Bloomberg Terminal in Main Library now available for student use


Alex Perry/Daily Senior Staffer

The Bloomberg Terminal allows users to access market insights and data, as well as read articles and research on a broad range of topics.

Alex Perry, Editor in Chief

Managing a well-balanced and diversified portfolio between classes just got a little easier with the installation of a brand-new Bloomberg Terminal in Main Library. 

The high-tech hub for financial news and information currently has an annual price of $30,000 (without an educator discount) and is wedged between computer workstations in the John P. McGowan Information Commons. It’s been up and running since the beginning of Winter Quarter. 

“It’s got great information in the more esoteric corners of the financial market,” librarian Carol Doyle said. “Bond information, municipal bonds, derivatives, options and things like that.” 
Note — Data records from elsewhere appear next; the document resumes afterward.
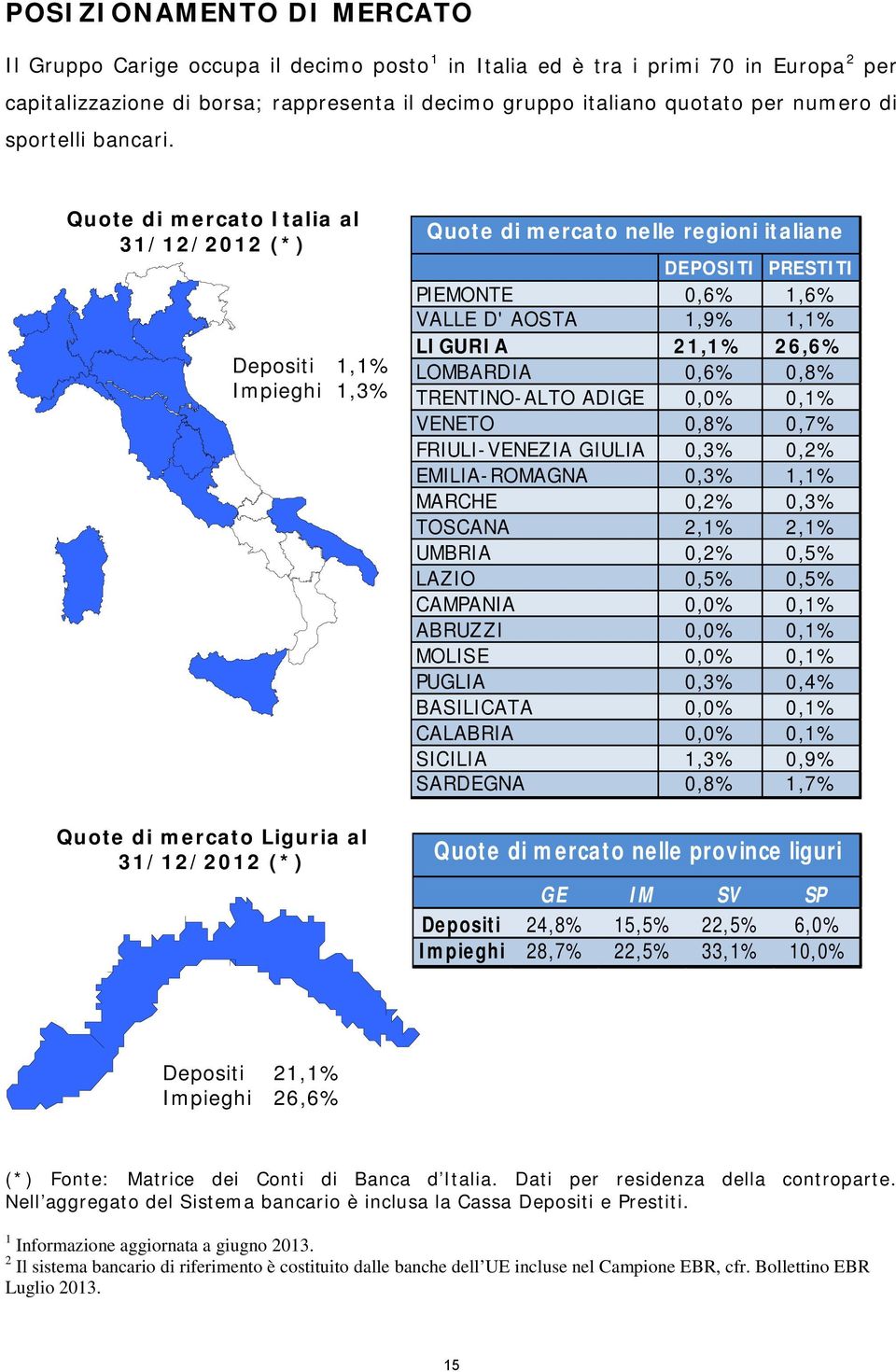 Quote di mercato Italia al 31/12/2012 (*) Depositi 1,1% Impieghi 1,3% Quote di mercato Liguria al 31/12/2012 (*) Quote di mercato nelle regioni italiane DEPOSITI PRESTITI PIEMONTE 0,6% 1,6% VALLE D'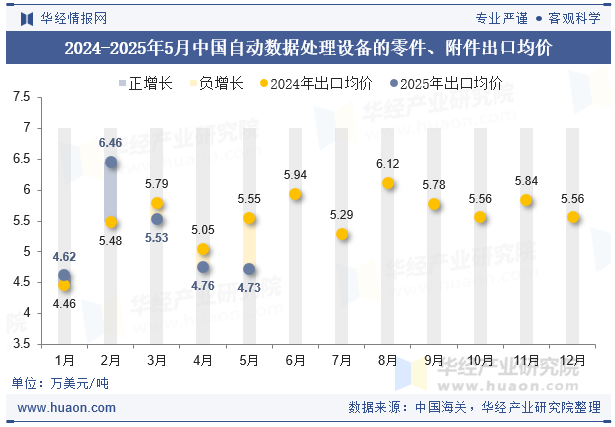 2024-2025年5月中国自动数据处理设备的零件、附件出口均价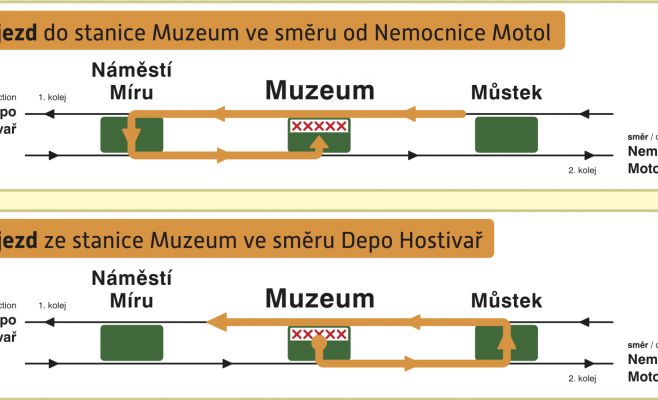 C сегодняшнего дня станция метро «Музеум» закрывается на реконструкцию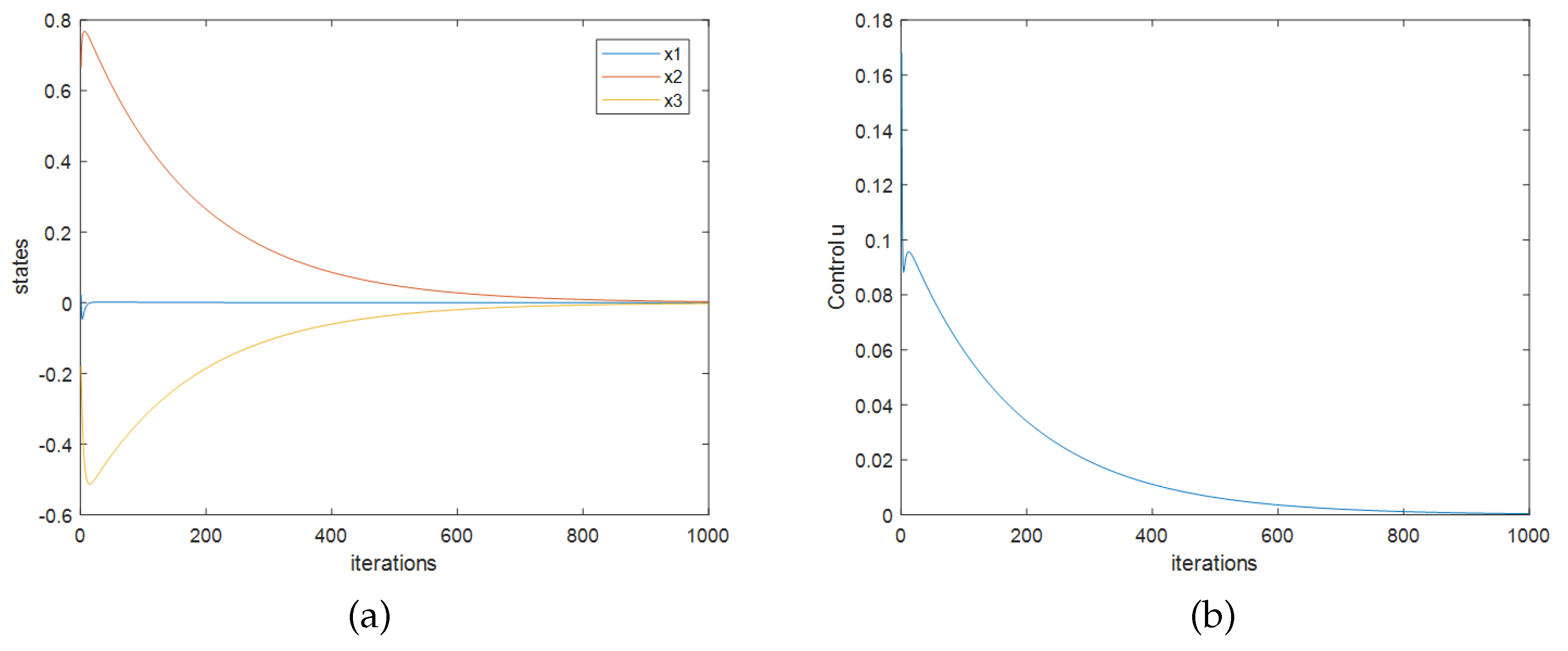 Processes 08 00368 g002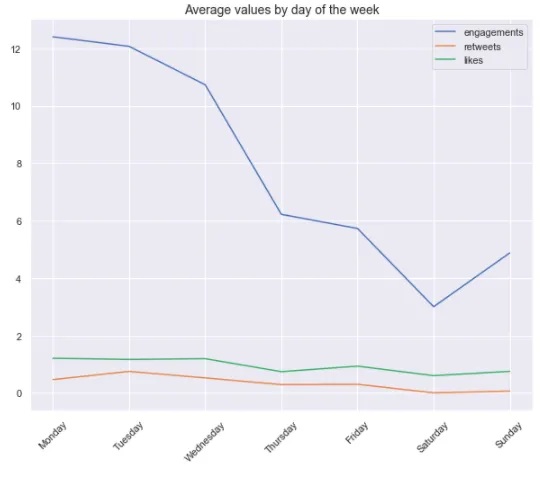 😭The Saddest Day on Twitter: Sentiment Analysis & Engagement Trends in Company’s Tweets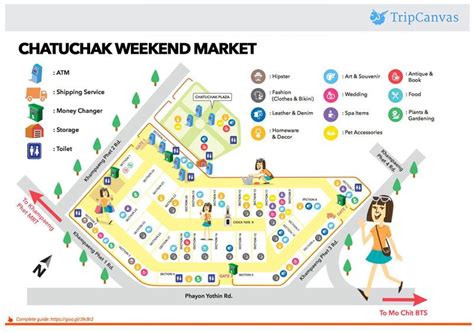 Chatuchak BFF guide: How to conquer the Bangkok largest weekend market in 5 hours | Leather ...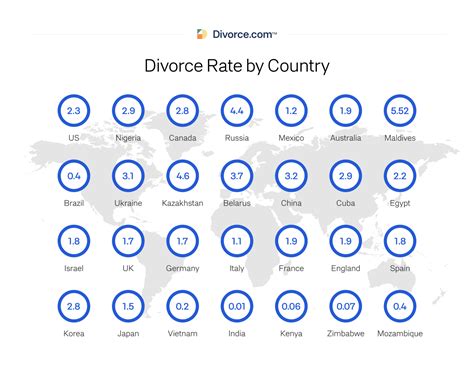 current divorce rate worldwide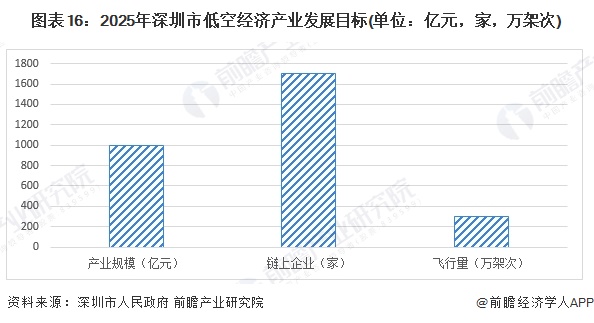 图表16：2025年深圳市低空经济产业发展目标(单位：亿元，家，万架次)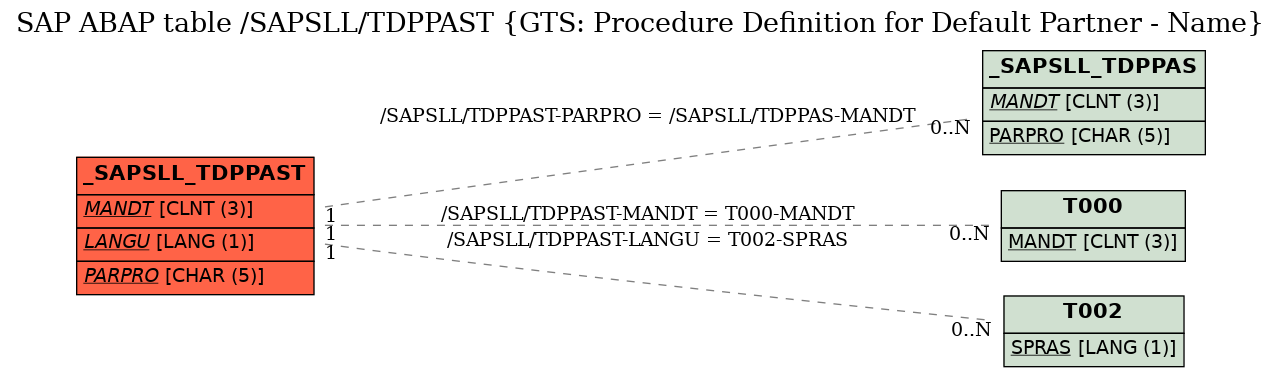 E-R Diagram for table /SAPSLL/TDPPAST (GTS: Procedure Definition for Default Partner - Name)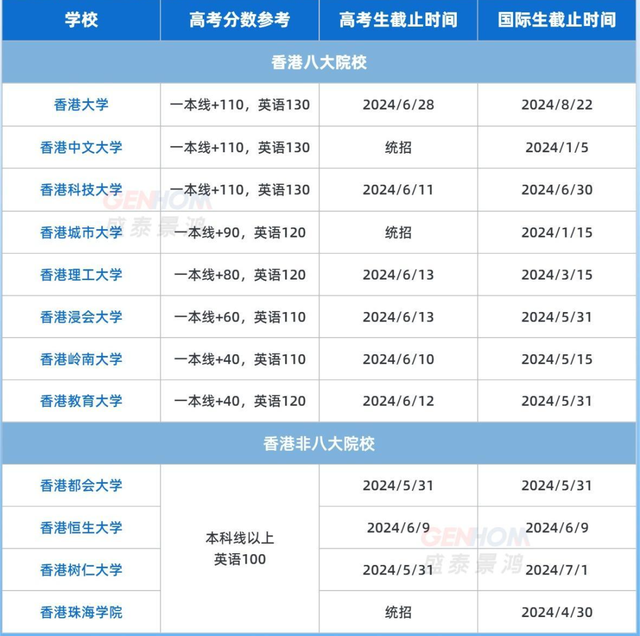 成績不好可以去香港讀大學嗎（建議收藏）-圖1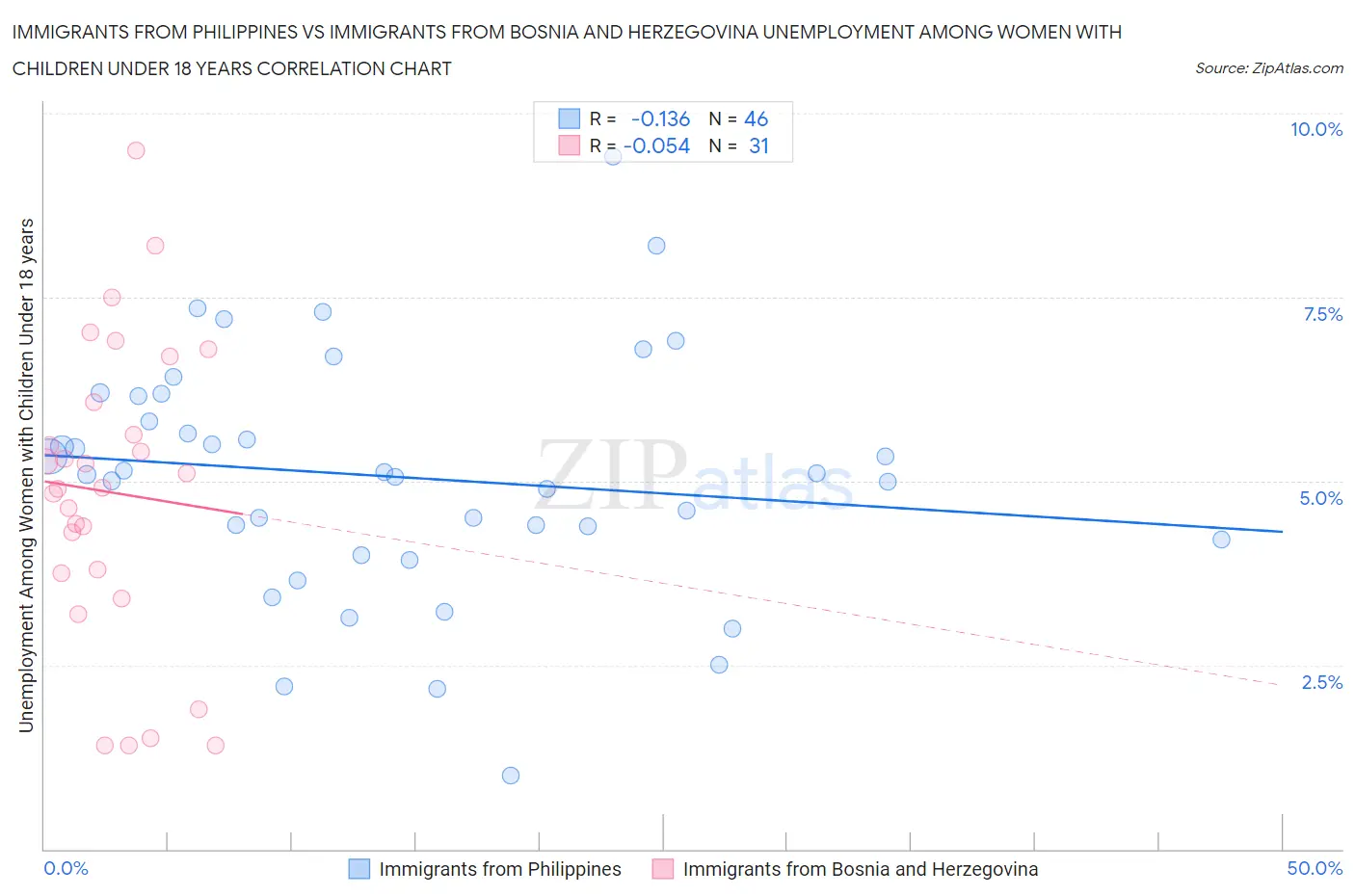 Immigrants from Philippines vs Immigrants from Bosnia and Herzegovina Unemployment Among Women with Children Under 18 years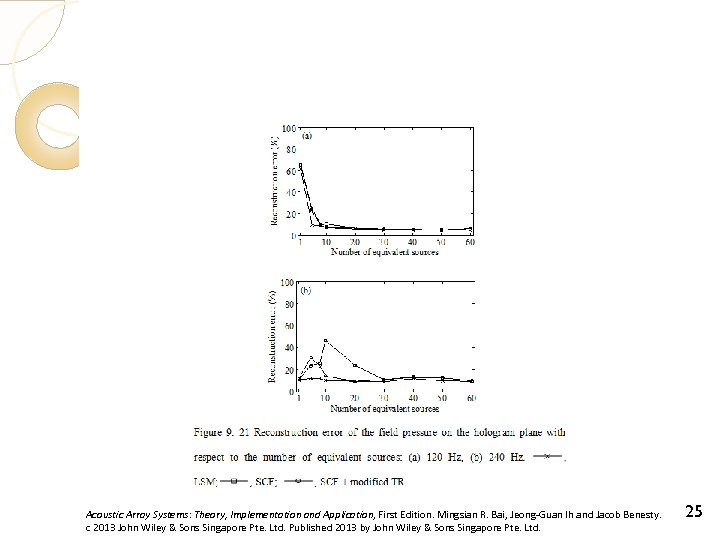 Acoustic Array Systems: Theory, Implementation and Application, First Edition. Mingsian R. Bai, Jeong-Guan Ih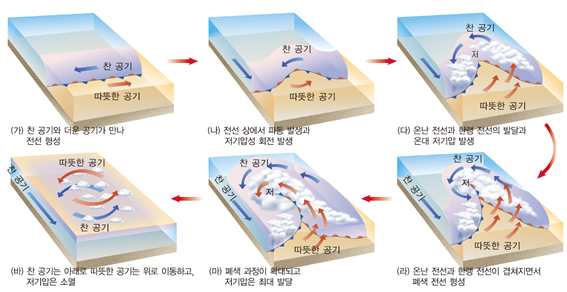 (주)금성출판사 지구과학Ⅰ 82쪽 수정내용 이미지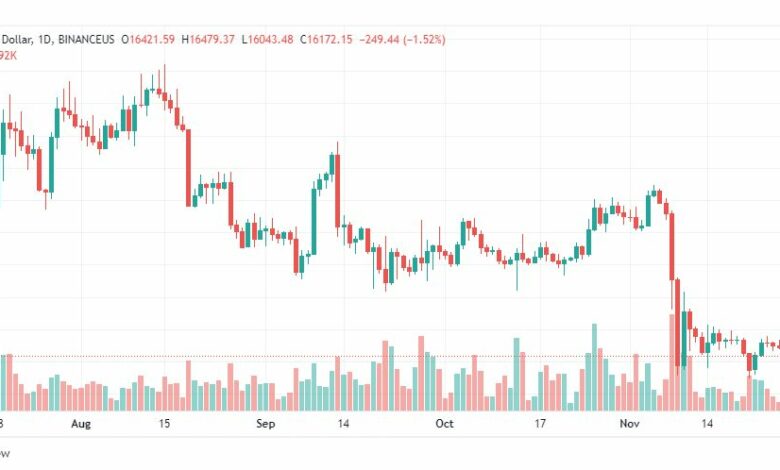 تحليل البتكوين دولار-BTCUSD-28-11-2022
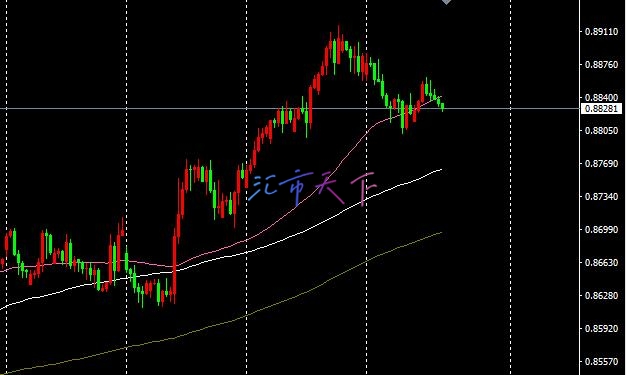 USDCHF 价格形成负面模式 – 今日预测 - 2024 年 11 月 21 日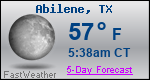 Weather Forecast for Abilene, TX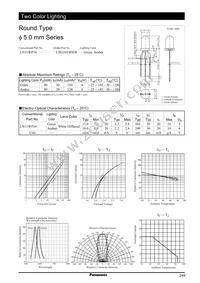 LN11WP34 Datasheet Cover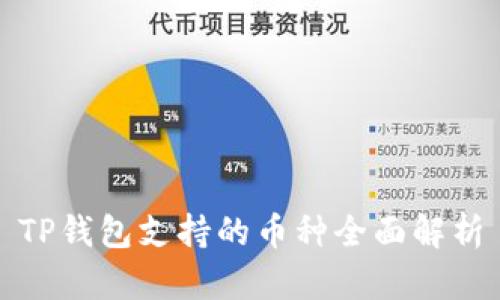 TP钱包支持的币种全面解析
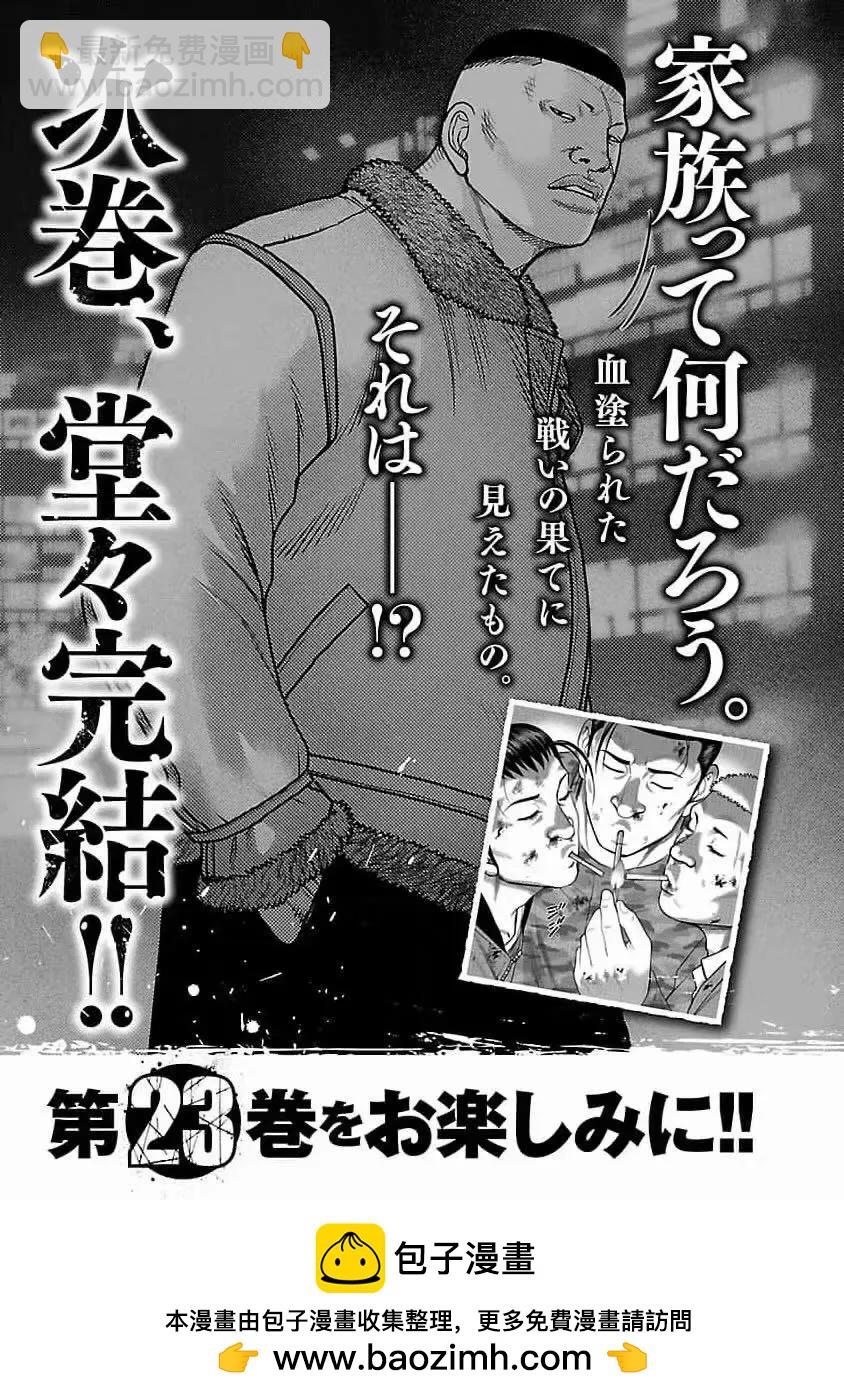 《热血高校外传 九头神龙男外传》第198话 第22页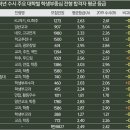 내신 이미지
As Northwestern Libraries’ management and business librarian, Doyle is responsible for aggregating resources that improve faculty and students’ access to business materials, such as resource guides or market reports.  

Doyle said that previously, undergraduates looking to access a Bloomberg Terminal would have to visit the Kellogg Global Hub after looking up guides on NU Libraries’ website. 

“I would work with the people in Kellogg research support, so that they would know that undergraduates were coming over,” Doyle said. “Through our outreach and through our research guides, we let people know that (Terminals) were located there and that they could go over and access them.” 

Just over a year ago, Doyle advocated for one to be installed in Main Library, removing extra steps in the process and making the Terminal’s resources more accessible to undergraduates.

Doyle said she hopes students use the work station for classwork in courses related to economics or business institutions. 

Students within the finance community at NU see potential for the Terminal to help those interested in financial services gain familiarity with industry-standard technology that many full-time analysts rely on everyday. 

Women In Business President and Weinberg junior Phoebe Cahill was an investment banking intern at Bank of America last summer, and part of her final presentation required her to use the Terminal to price assets and bonds. 

Though she had previously interned at a hedge fund as a market research analyst, she was able to pick up more technical skills at her most recent internship.

She said that full-time analysts incorporate information and data from the Terminal in their day-to-day work, such as building financial models.  

“I think it would be awesome to incorporate (the Terminal) into some of the BIP classes or econ classes, just so you get hands-on experience because it really is used in a lot of banking jobs and internships,” Cahill said. 

Though WIB has a finance division, Cahill also sees potential for members of finance-oriented clubs, like Investment Management Group or Northwestern Capital Management, to use the Terminal to gain experience with skills they will need in the future. 

Medill junior Elisabeth Betts, who will return to J.P. Morgan and Chase as an investment banking analyst this summer, said her first experience with the Terminal was during her summer internship last year. 

“When we were operating within the sales and trading markets division, they took us to the trading floor and everything, and we saw people using the Bloomberg Terminal,” she said. 

There, Betts was able to “poke around” the interface and become familiar with its functions. 

Though she may not work with the Terminal every day post-grad, she said that because she’s going into financial services, knowing how to navigate around it helps her communicate with the coworkers who do. 

Betts added that if the University promotes the Terminal more, undergraduates who are unfamiliar with financial services as a career will be able to get a headstart in the industry. 

“I think it would be nice to see Northwestern foster an understanding of the Terminal and what it is,” Betts said. “Financial services as a whole is still pretty inaccessible as an industry.”

As for limitations on use, Doyle said that Information Commons staff are keeping an eye on the number of people asking to use it and will adjust according to demand, meaning adding sign-ups for time slots. 

Communication junior Frances McKittrick, who works at the circulation desk, said she has fielded a handful of inquiries from students curious about the Terminal since its installation, but the demand hasn’t been too overwhelming. 

Until then, the Terminal is available for students of all levels to use during the library’s hours of operations.

“We always want to make access easy for students,” Doyle said. “We don’t want students having to wait long periods of time to use the Bloomberg Terminal.”